Hi, it’s Patrik Hutzel from INTENSIVECAREHOTLINE.COM where we instantly improve the lives for Families of critically ill Patients in Intensive Care, so that you can make informed decisions, have PEACE OF MIND, real power, real control and so that you can influence decision making fast, even if you’re not a doctor or a nurse in Intensive Care!
This is another episode of “YOUR QUESTIONS ANSWERED“ and in last week’s episode I answered another question from our readers and the question was
When is The Best Time to Remove the Breathing Tube of My Critically Ill Dad in ICU?
You can check out last week’s question by clicking on the link here.
In this week’s episode of “YOUR QUESTIONS ANSWERED” I want to answer questions from one of my clients Irene, as part of my 1:1 consulting and advocacy service! Irene’s dad is with a breathing tube and on a ventilator in the ICU. Irene is asking why the ICU doctor tells her to just let her dad pass away.
Why Does the ICU Doctor Tell Me to Just Let My Dad Pass Away? Help!

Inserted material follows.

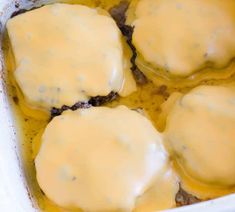 four hamburger patties covered in gravy in a white casserole dish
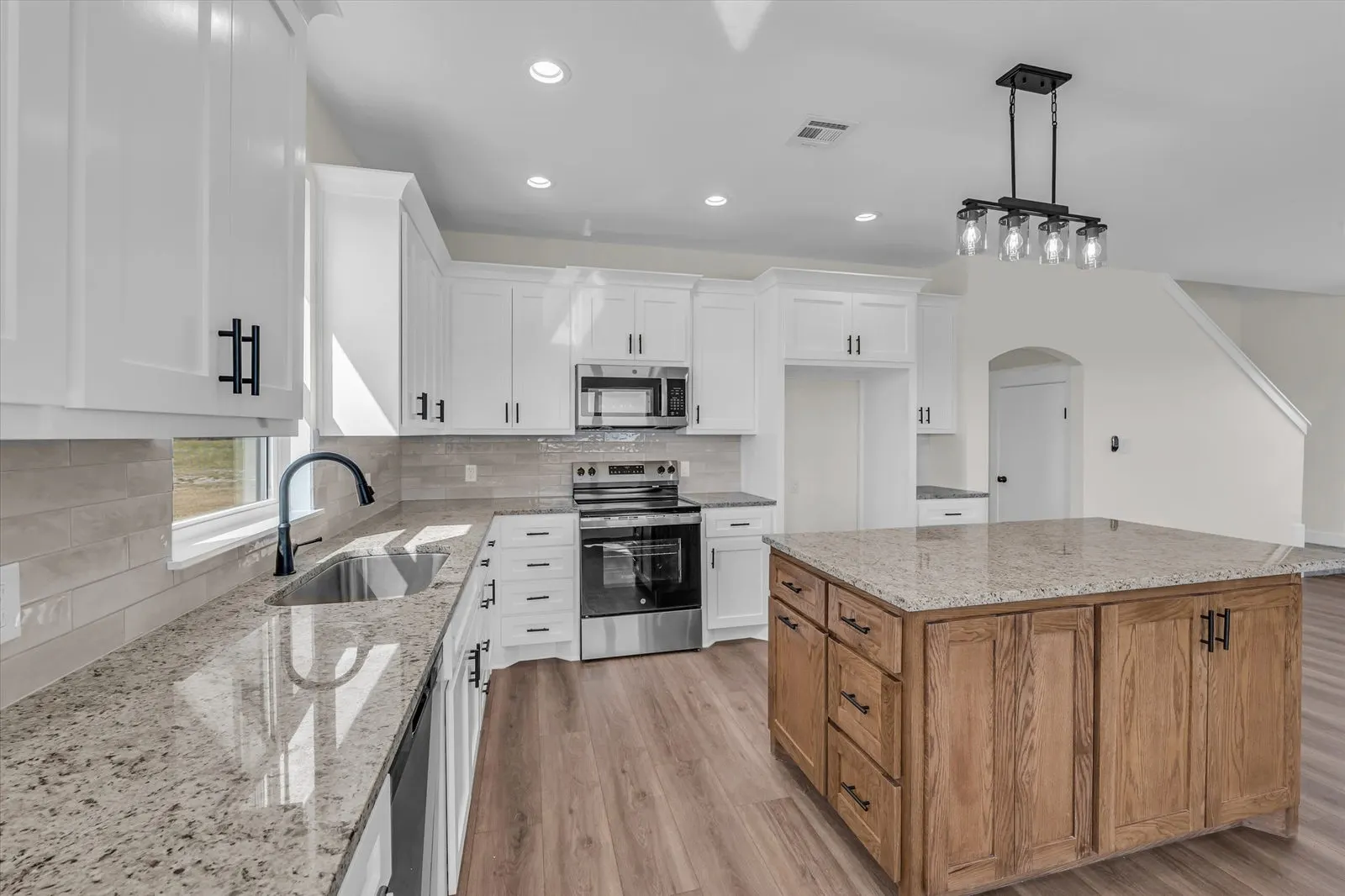 High angle view of the modern kitchen with custom cabinetry and granite countertops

Patrik: So mobilization is inevitable. I know the first couple of weeks in ICU people don’t necessarily get mobilized because they’re too critically unwell. But as soon as you can mobilize, you need to mobilize. Now the Levophed that you mentioned earlier, or the norepinephrine depending on the dose might stop him from being mobilized. That could be a contraindication depending on the dose. But as soon as that’s off, there shouldn’t be anything stopping him from mobilizing. And it will help him with expanding his lungs, it will help him with cognition, it will help him with everything.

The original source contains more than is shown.